I listened to the debate between Stephen Wolfram and Eliezer Yudkowsky on Machine Learning Street Talk (MLST).
I found the discussion frustrating, since it felt like they were trying to have two very different conversations: Wolfram questioning basic principles and trying to build the argument from the foundations, Yudkowsky taking AI risk as being mostly self-evident and defending particular aspects of his thesis.
Yudkowsky seems reluctant to provide a concise point-wise argument for AI risk, which leads to these kinds of strange debates where he defends a sequence of narrow points that feel mostly disconnected. From his body of work, I infer two general reasons why he does this:
- He has learned that different people find different parts of the argument obvious vs. confusing, true vs. false. So rather than reiterate the whole argument, he tries to identify the parts they take issue with, and deal with those. This might work for one-on-one discussions, but for public debates (where the actual audience is the broader set of listeners), this makes it feel like Yudkowsky doesn’t have a coherent end-to-end argument (though he definitely does).

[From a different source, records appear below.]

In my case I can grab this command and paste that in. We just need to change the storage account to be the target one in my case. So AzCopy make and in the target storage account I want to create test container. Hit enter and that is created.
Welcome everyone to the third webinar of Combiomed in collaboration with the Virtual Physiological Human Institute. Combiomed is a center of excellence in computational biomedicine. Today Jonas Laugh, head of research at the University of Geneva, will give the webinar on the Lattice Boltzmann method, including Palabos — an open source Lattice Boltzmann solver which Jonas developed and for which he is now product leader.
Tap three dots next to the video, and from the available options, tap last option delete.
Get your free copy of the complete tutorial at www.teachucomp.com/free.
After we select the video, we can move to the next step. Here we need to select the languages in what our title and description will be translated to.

- Yudkowsky’s style, in general, is not to just “give the answer,” but rather to lead the reader through a sequence of thoughts by which they should come to the right conclusion. In motivated pedagogy (where the reader is trying to learn), this is often the right way. “Giving the answer” won’t cause the person to learn the underlying pattern; the answer might feel too obvious and be quickly forgotten. Thus one instead tries to guide the person through the right thoughts. But to a resistant listener, this leaves the (incorrect) impression that the person’s arguments are vague.
Let me try to put together a step-wise argument for ASI risk. I think it goes something like:
- Humans are actively trying to make AIs smarter, more capable, and more agentic (including giving access/control to real-world systems like computers and robots and factories).

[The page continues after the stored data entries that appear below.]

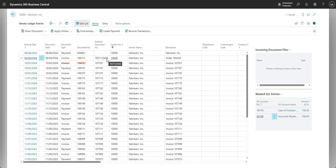That was the final step in the P2P process. To recap: we started with a purchase quote, turned it into a purchase order, turned the purchase order into a purchase invoice, and then paid that purchase invoice. End to end, that's the P2P process. Thanks very much for watching and see you on the next one.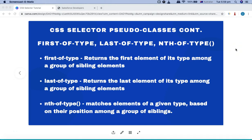Hello guys, welcome to this CSS selector tutorial. In this tutorial we are going to look into more pseudo classes — specifically first-of-type, last-of-type, and nth-of-type.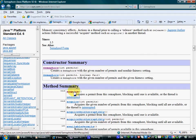Invoking the acquire method on a semaphore results in using an available permit. If there isn't any available permit, the thread blocks until a permit becomes available.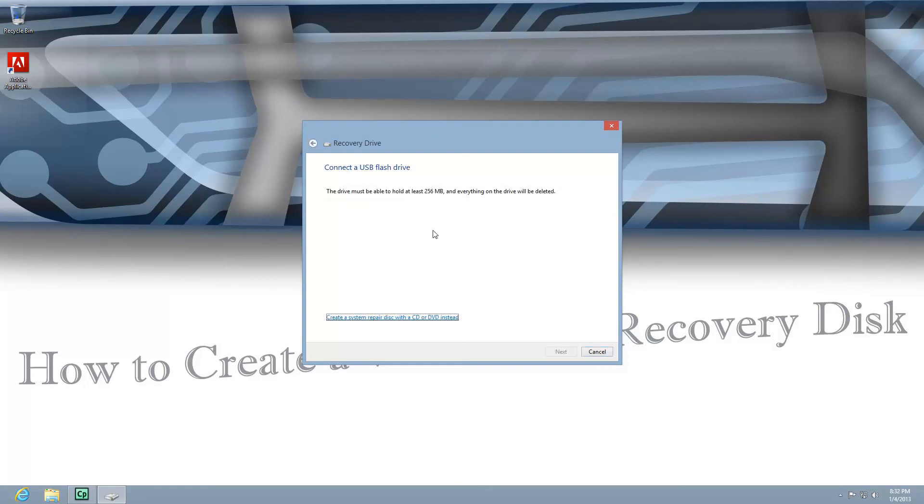Now it's asking for a USB flash drive that's at least 256 MB. As it says, everything on the drive will be deleted. I don't want to waste a USB flash drive for this. I'd rather just use a blank CD or DVD.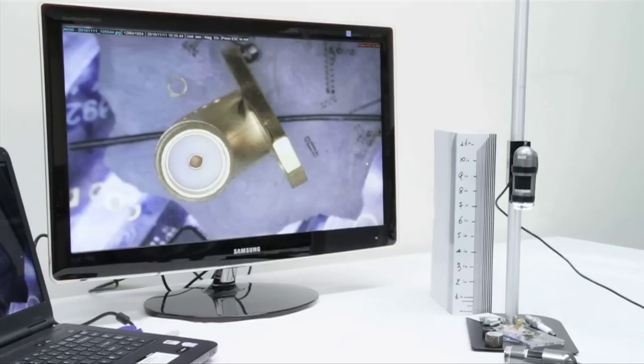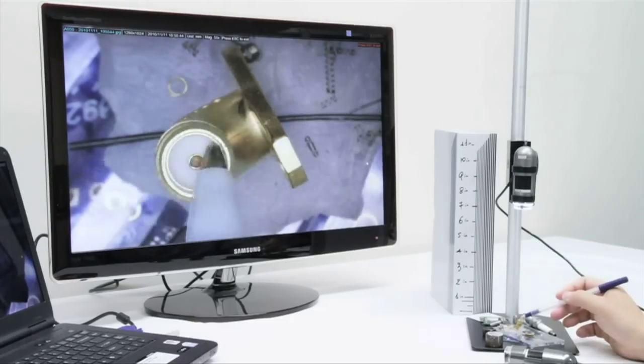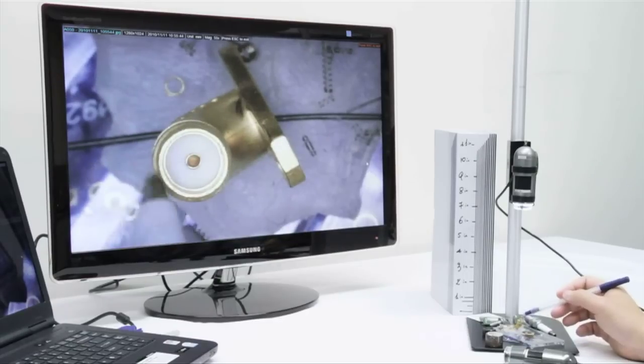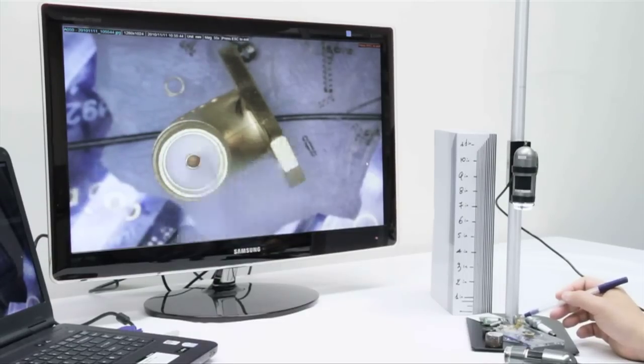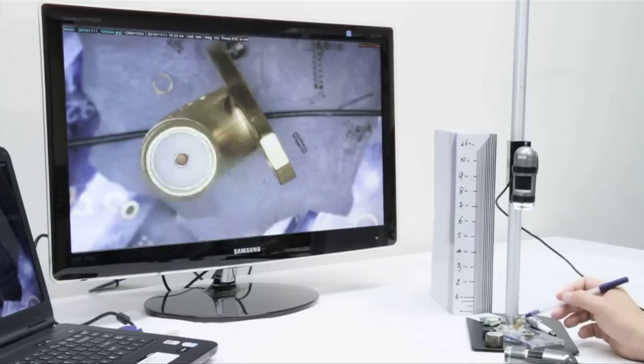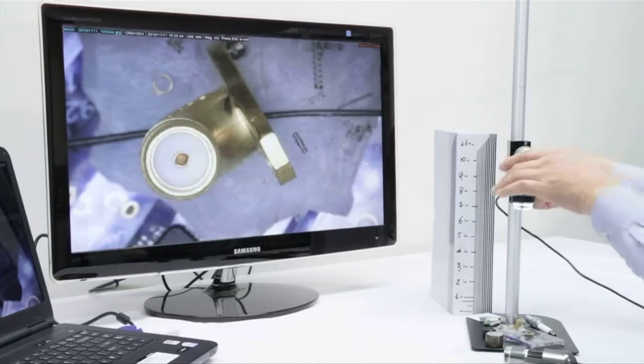This is our digital microscope so it does interact with your computer via 2.0 USB. So there is a slight delay, not too much, but it does refresh at about 30 frames per second.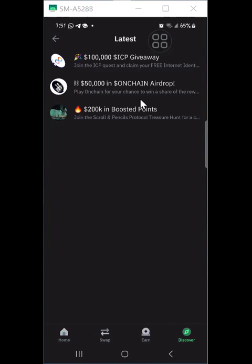It is also possible that you already have a Quest.com account. All you need to do is bring it back onto the Trust Wallet application and you are good to go.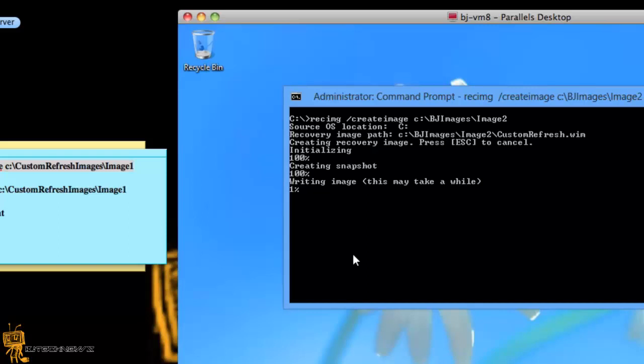When you guys go into your PC settings, into your control panel and go to general, do a refresh, it's going to use that image that you created with all the software already built to it. Believe it or not, it creates a WIM file. So, for those MDT 2010 and 2012 users, you can actually import that image within your MDT. That would be pretty cool.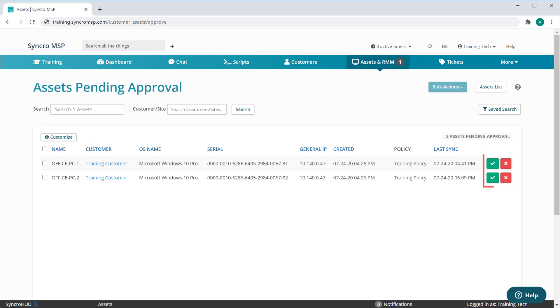Clicking the green button here will approve the asset, remove it from the list, and upgrade it to Full Asset Status.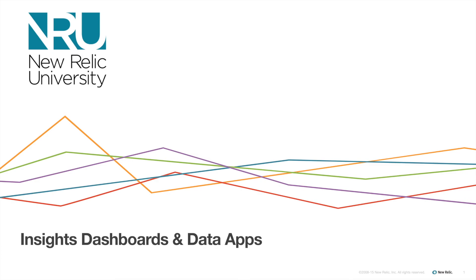Now that you know how to create and edit Insights dashboards and Data Apps, take a moment and try creating a new dashboard and Data App using your data.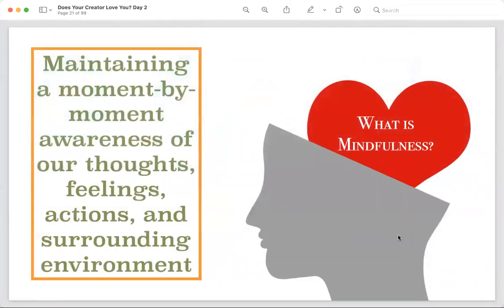Right now, mindfulness means your thoughts are focused — you're trying to understand how to get the love of Allah. Your feelings: how are you feeling? Your actions: do you have any other app open, are you on Instagram on the side? And your surrounding environment: where are you sitting, are you bothering anyone? You can use this definition to check yourself no matter where you are. This is mindfulness.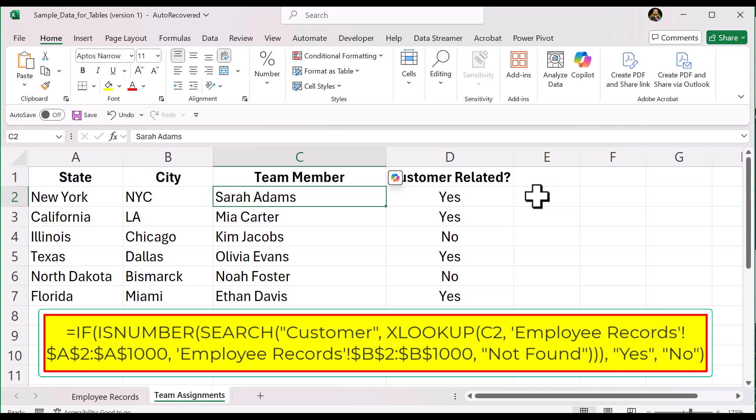Using XLOOKUP and SEARCH together makes it easy to find specific words inside larger text without building complicated formulas. If you found this tutorial helpful, please like the video, subscribe to Try It Learn It, and comment below if you have any suggestions for future videos. Thank you.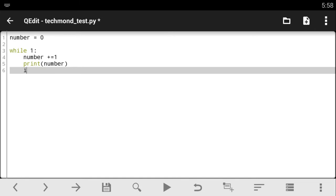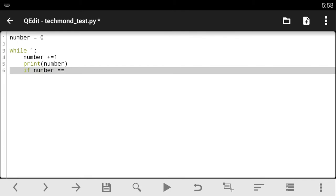So we're going to say if number is greater than or equal to, you can just say equals to that using double equal to sign, but I'm just going to say greater than or equal to, or let me just use equals to sign. And let's give it something like 10,000.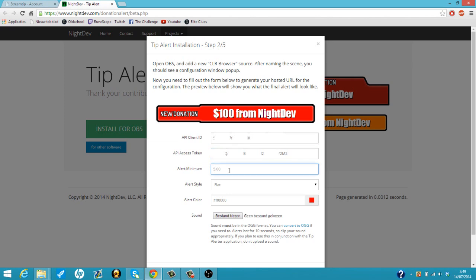So then you can put in an alert minimum. It has to be a minimum of 50 cents, but you can choose whatever you want. It cannot be below 50 cents by the way. So you can put one, two, five, whatever you like.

- There is no particular ceiling at human intelligence. It is possible in principle for an AI to be much smarter than a human, and indeed there are lots of easy-to-imagine ways that they would outstrip human abilities to predict/plan/make-decisions.

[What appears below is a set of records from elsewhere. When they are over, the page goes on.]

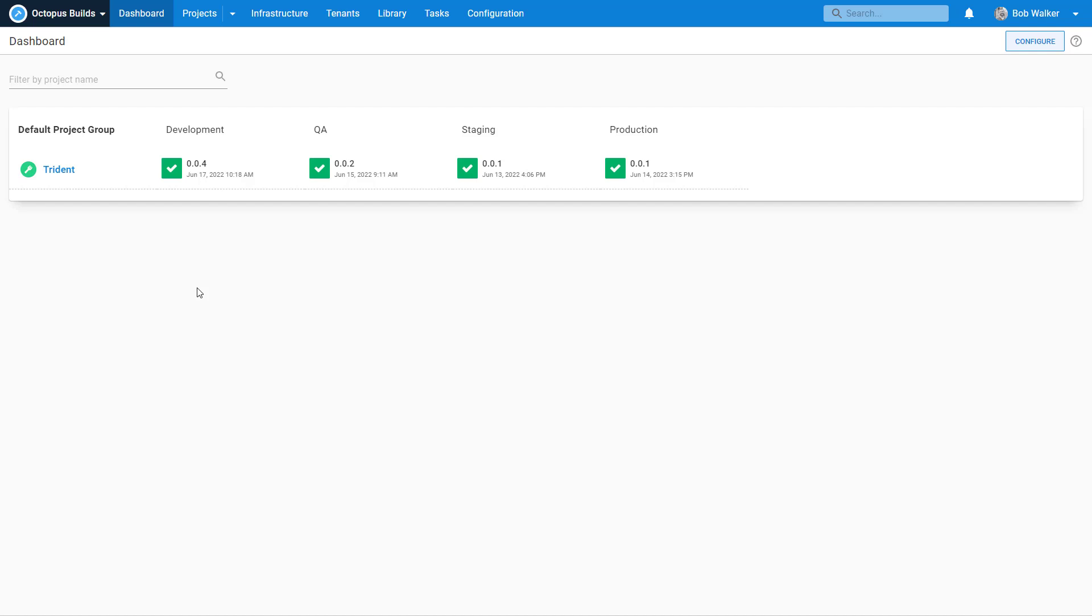Hi everyone. Welcome back to Octopus Builds. My name is Bob Walker and I am the technical director of customer success here at Octopus Deploy. And we are building out the Trident project for the fictional company Octo Pet Shop.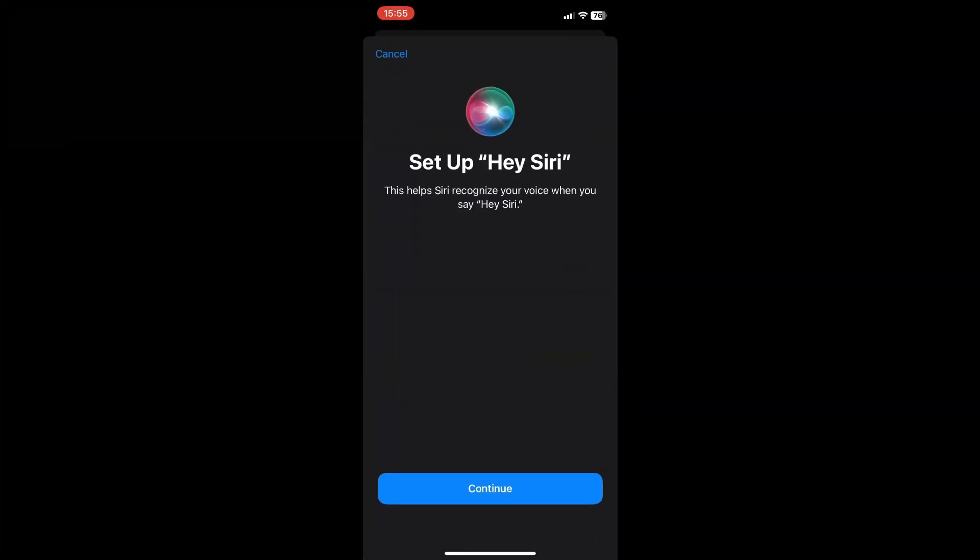It then says right here, set up Siri. This helps Siri recognize your voice when you say hey Siri. So click on continue.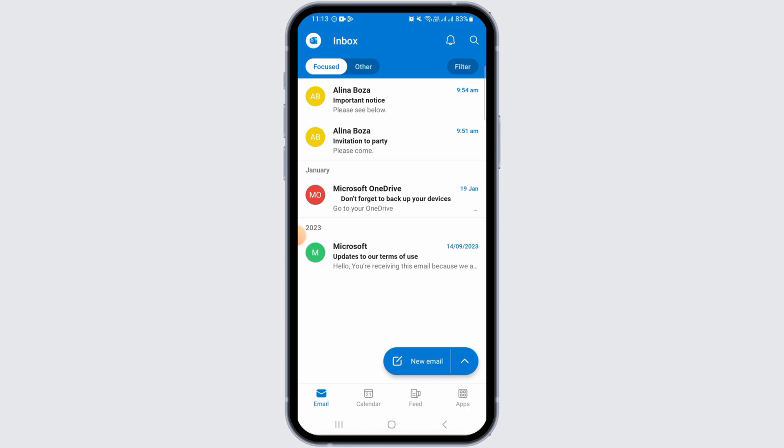Now sign into your Microsoft Outlook account. Once you have been signed in, tap on the email option below and that's going to navigate you to your inbox. Here you can find all of your received emails.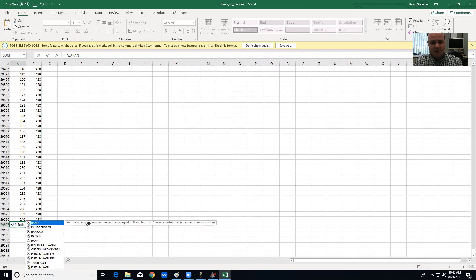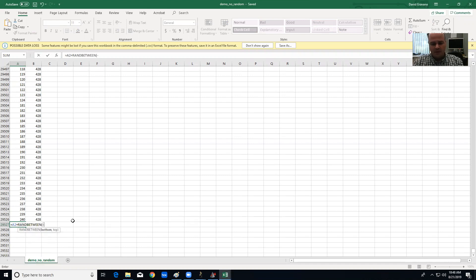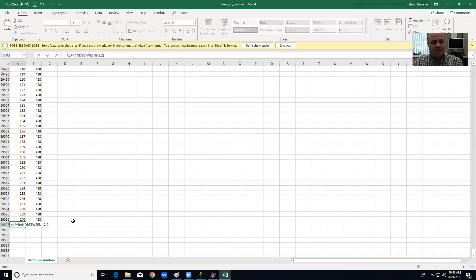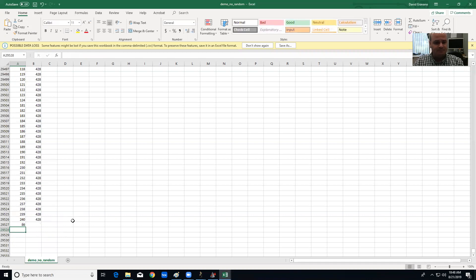And then I'm going to put this formula called RANDBETWEEN and what that's going to do, I'm going to do minus 2 comma 2. What that's going to do is it's going to generate a random integer between negative 2 and 2, and what I'm doing here is adding it to cell A2.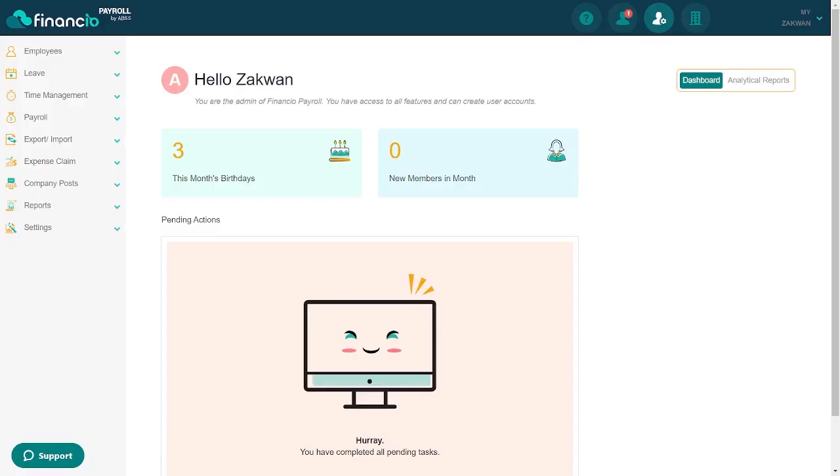Welcome to the Financio Payroll tutorial, where we'll guide you through setting up your company and managing payroll processes. Let's dive right in for a seamless experience with Financio Payroll.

- AIs will, generically, “go hard”; meaning they will put maximal effort into achieving their goals.
- The effective goals of a powerful optimizer will tend to deviate strongly from the design goals. There are many reasons for this:
- It is hard to reliably engineer something as fuzzy (and, ultimately, inconsistent) as human values.
- Optimizers often have a mis-alignment between the intended goal and the realized inner optimization (inner/outer alignment problem, mesa-optimizers, etc.).
- The analogy to evolution is often offered: evolution is optimizing for replication of genes, yet enacted human values have only a little to do with that (wanting to have children, etc.); humans mostly care about non-genetic things (comfort, happiness, truth), and are often misaligned to genes (using contraception).
- Even goals perfectly-specified for a modest context (e.g. human-scale values) will generalize to a broader context (e.g. control the light-cone) in an ill-defined way. There is a one-to-many mapping from the small to the large context, and so there is no way to establish the dynamics to pick which exact goals are enacted in the extrapolated context.
- In the space of “all possible goals”, the vast majority are nonsense/meaningless. A small subspace of this total space is being selected by human design (making AIs that understand human data, and do human things like solve problems, design technology, make money, etc.). Even within this subspace, however, there is enormous heterogeneity to what the “effective goals” look like; and only a tiny fraction of those possible AI goals involve having flourishing humans (or other sentient minds).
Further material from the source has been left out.